Using a popular tool called Oxygen Radical Absorption Capacity (ORAC) that measures total serum antioxidant
activity, Engeseth found the antioxidant capacity of honey to be equal to that in many fruits and vegetables
in its ability to counter the degenerating activity of free radicals. "On a per gram basis, the antioxidant
capacity of fruits and vegetables, as measured in ORAC units, is usually between .5 and 19. Of the seven
honeys we tested (acacia, buckwheat, clover, fireweed, Hawaiian Christmas berry, soybean, and tupelo), we
found a range of 3 to 16 ORAC units," Engeseth said.

"It still is too early to say definitively, but honey seems to have the potential to serve as a dietary
antioxidant," she said. "Even though honey might not be consumed at the same gram level as fruits or
vegetables, the potential is there."

Interestingly, in both studies Engeseth found that dark-colored honey, particularly buckwheat, provided more
protective antioxidant punch than lighter-colored honeys. Engeseth examined a number of sources of buckwheat
honey.

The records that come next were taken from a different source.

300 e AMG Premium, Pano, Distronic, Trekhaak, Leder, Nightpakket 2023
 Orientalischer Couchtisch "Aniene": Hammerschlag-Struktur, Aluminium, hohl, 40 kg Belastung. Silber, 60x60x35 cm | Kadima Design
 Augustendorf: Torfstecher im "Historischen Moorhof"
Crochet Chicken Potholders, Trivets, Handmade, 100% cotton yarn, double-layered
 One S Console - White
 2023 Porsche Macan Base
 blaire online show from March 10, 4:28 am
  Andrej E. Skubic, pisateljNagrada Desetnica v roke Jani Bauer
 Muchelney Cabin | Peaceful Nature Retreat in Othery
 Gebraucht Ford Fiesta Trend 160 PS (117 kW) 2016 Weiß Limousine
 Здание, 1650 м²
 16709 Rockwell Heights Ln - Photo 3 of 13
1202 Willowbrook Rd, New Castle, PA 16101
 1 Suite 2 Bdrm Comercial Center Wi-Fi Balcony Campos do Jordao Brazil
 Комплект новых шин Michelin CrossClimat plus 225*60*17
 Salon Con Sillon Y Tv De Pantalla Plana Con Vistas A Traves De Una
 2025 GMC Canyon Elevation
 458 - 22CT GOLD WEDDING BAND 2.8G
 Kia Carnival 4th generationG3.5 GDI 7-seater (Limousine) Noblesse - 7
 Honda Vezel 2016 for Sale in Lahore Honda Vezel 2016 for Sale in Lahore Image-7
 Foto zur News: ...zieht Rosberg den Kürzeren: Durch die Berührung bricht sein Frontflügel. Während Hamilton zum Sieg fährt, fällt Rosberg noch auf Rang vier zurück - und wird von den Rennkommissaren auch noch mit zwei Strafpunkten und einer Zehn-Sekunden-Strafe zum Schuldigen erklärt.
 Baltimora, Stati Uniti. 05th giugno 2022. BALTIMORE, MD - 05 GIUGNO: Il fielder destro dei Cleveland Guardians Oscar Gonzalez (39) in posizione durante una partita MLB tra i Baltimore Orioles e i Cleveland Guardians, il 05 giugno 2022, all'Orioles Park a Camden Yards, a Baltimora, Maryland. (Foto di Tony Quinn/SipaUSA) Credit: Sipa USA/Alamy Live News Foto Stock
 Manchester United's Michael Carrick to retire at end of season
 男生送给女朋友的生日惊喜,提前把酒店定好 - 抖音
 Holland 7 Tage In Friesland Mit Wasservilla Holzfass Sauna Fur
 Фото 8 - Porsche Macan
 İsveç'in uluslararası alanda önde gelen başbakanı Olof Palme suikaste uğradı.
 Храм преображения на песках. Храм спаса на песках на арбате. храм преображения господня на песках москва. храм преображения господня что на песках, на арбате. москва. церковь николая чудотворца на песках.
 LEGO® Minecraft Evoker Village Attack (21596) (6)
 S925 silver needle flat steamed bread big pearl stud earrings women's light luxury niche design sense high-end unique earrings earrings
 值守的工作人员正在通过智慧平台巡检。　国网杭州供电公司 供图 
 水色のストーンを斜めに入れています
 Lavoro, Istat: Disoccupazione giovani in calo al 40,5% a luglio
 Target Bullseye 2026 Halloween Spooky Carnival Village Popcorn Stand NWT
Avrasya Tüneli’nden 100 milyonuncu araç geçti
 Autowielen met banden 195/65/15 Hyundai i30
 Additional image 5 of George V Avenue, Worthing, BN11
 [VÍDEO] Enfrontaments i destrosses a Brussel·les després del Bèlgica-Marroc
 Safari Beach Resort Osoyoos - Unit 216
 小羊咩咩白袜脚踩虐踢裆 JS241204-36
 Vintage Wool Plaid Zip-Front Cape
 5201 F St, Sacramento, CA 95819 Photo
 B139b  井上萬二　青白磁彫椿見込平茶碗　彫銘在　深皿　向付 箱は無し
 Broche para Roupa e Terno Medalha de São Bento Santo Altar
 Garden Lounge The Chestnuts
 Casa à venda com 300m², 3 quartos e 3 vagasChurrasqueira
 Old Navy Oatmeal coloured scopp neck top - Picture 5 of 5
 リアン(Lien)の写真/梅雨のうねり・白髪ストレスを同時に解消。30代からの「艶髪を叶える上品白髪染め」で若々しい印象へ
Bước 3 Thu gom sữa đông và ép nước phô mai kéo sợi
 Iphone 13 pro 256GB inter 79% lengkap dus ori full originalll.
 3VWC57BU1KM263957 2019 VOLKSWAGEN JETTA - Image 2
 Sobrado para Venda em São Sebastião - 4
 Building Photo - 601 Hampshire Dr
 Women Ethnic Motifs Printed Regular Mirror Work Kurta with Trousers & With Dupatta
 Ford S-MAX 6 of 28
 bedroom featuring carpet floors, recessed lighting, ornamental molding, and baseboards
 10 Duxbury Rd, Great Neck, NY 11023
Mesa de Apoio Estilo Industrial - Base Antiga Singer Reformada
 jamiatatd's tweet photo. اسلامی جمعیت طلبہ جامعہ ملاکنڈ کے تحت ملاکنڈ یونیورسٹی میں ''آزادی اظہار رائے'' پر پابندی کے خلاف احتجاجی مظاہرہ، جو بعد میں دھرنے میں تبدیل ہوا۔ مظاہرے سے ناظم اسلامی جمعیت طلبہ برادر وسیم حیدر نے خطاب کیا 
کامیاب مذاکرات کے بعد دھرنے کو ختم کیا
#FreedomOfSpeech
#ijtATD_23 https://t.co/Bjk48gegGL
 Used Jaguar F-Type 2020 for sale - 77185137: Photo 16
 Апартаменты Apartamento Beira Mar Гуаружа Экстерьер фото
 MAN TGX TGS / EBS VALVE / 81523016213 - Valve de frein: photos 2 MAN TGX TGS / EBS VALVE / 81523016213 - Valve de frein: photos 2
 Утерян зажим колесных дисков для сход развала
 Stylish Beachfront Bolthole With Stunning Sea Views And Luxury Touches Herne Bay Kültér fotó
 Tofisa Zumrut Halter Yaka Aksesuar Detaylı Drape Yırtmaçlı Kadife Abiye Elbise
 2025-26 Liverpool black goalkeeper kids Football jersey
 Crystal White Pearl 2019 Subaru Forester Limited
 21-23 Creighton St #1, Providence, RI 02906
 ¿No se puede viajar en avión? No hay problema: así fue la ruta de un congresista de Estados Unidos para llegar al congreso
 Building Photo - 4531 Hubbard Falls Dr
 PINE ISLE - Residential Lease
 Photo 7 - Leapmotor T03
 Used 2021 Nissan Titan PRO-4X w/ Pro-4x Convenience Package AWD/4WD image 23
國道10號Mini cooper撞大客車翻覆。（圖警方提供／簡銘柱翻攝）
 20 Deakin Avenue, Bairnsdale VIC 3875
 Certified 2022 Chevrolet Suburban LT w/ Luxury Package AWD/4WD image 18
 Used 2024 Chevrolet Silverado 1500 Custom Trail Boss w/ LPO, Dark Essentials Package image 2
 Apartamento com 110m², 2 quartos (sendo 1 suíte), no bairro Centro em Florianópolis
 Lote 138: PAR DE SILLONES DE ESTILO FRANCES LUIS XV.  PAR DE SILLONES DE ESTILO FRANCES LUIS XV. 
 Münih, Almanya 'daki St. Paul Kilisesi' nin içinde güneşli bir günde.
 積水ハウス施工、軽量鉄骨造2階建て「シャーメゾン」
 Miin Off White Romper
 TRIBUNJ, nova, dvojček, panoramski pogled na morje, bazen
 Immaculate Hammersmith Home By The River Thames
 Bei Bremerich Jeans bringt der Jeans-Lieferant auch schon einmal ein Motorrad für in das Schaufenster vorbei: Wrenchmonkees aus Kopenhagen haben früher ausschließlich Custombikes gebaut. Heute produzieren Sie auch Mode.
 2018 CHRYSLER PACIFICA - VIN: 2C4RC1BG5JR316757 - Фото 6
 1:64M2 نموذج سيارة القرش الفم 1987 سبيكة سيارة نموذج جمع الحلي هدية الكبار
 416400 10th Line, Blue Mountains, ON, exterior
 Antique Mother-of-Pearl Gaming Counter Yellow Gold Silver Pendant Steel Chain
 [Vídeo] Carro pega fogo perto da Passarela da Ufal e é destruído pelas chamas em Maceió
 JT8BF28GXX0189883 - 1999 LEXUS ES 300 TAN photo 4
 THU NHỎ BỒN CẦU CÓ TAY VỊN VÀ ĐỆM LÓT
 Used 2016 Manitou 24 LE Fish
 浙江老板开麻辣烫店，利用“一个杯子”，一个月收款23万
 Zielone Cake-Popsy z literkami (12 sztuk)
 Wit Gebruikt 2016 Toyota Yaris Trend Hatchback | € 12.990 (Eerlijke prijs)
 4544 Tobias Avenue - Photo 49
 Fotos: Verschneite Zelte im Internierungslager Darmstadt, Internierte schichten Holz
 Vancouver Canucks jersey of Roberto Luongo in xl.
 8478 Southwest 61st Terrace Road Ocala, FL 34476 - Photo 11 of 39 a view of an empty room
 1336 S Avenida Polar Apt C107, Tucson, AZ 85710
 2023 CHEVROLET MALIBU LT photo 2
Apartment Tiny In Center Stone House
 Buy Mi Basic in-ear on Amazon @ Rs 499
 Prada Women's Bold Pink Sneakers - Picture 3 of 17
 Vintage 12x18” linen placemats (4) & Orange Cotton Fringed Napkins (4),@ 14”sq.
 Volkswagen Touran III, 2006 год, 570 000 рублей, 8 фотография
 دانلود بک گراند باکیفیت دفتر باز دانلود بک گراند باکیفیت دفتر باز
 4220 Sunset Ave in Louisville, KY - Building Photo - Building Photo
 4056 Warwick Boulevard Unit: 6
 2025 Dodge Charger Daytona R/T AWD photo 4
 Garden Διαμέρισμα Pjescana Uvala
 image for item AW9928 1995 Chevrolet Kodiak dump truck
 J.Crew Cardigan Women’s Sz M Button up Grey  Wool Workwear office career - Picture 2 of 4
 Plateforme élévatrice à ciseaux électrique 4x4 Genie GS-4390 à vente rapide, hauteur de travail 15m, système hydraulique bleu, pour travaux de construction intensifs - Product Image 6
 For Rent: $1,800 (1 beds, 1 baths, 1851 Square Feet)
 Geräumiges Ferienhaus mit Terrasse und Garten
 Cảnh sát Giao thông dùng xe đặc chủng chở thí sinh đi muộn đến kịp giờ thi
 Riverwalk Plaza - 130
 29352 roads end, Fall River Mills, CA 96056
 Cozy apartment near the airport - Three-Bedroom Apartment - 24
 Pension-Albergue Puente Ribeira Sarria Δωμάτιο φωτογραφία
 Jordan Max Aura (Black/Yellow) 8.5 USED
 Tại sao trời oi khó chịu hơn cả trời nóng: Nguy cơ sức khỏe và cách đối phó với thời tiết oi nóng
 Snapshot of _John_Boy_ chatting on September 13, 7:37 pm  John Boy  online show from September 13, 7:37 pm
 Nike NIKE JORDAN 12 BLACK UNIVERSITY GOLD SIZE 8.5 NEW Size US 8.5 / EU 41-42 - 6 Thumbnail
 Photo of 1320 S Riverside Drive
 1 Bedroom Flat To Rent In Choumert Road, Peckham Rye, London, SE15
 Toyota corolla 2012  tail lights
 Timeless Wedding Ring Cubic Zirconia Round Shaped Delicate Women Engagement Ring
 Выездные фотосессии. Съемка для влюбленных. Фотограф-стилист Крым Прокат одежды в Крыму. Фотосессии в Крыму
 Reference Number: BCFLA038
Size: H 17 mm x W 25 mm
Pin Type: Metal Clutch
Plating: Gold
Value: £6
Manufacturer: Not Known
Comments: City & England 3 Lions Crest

Most had ORAC values between nine and 11, although one registered almost 17.

"So far, we don't really know what specifically is different about buckwheat honey, except that it's higher in
phenolics," Engeseth said. Phenolics are compounds believed to be produced as a result of the plant's
interaction with the environment, and seem to be the most highly correlated with antioxidant capacity.

Follow-up honey studies, either in progress or in the wings, should shed more light on the exact phenolic
compounds in honey and on how effectively consumed honey prevents oxidation in the blood of human subjects.